As has been evident within the past year or so, Howard has his scripted interviews ready for immediate press release once that has-been star leaves the building, you know, the ones that are well past their Hollywood shelf life and are in their menopausal forties and beyond who need the press, and who pays for this promotion of the Stern show? Howard's PR budget, you know, the Siriusly deflated budget to promote his show, no not Howard's personal salary but the budget for the show to promote Stern's stale interviews across the Internet containing bombshells like Claire Dane's mom "had a trampoline in the living room" when Claire was a kid. Wow, stop the presses, gotta get that to the nearest news outlet to let non-Sirius subscribers know what they are missing when they decide to not pay to listen to the radio.
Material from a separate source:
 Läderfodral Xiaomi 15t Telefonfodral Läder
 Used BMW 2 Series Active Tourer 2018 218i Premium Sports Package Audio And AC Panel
Claire Danes got her paid pigeon to carry the coffee as she wonders where her career went when she did the Stern show on Monday, October 5. Want the dish on the Danes? Okay, I guess I should say alleged so as not to alarm anyone but she loves the ladies and fights to hide it. Yes, Stern has a lesbian following since he loves the ladies' dresses and everyone thinks he married a giant lesbian providing Beth started out in this life as female. Danes was used and abused by men and of course dated everyone including Matt Damon [who hasn't] Billy Crudup and Ben Lee. That's Claire pictured with Ben Lee.





Hugh Jackman was also in New York on Monday with the coffee in hand as we wonder how he escaped doing the Stern show or maybe he taped a segment to be aired at another time since Howard hates to show up on a satellite for more than 16 hours per week, or two full days of taping interviews and going to meetings, whatever.




Now, nobody loves gorgeous Hugh Jackman more than this blogger except for his former personal assistant turned business partner John Palermo with the threesome [including Deb] forming a production company which led to major rumors that allegedly Hugh and Deb are swingers. Now that is a rumor, do not quote me even though it's all over the Internet. Yes, the Broadway star won two Tony Awards and I won't tell you how he got them but allegedly he was shagging his assistant John at the time along with...well, you get the inference here. No judgment; everyone loves Hugh.


Hugh gifted Deb and John with rings engraved with the word "unity" with the rumor
that Howard gifted Ralph and Beth with rings engraved with the word "grifter" 
although it's alleged that Ralph got Howard and Beth got the pre-nup.


Just look online, whenever a celeb leaves the Sirius building suddenly excerpts and highlights from the Stern show interview magically appear on various news outlets on the Internet. That is the only way Stern is staying afloat aboard his space ship. Gone is Howard TV since it wasn't national, you had to pay extra and have cable television to see the show and with Sirius satellite it's a pay service and limited and celebs want national press whenever they do the Stern show to promote their projects and it gets in print online or in some tabloid, otherwise, why do the Stern show? He has almost 0.0 listeners who aren't paid to listen like his back office staff.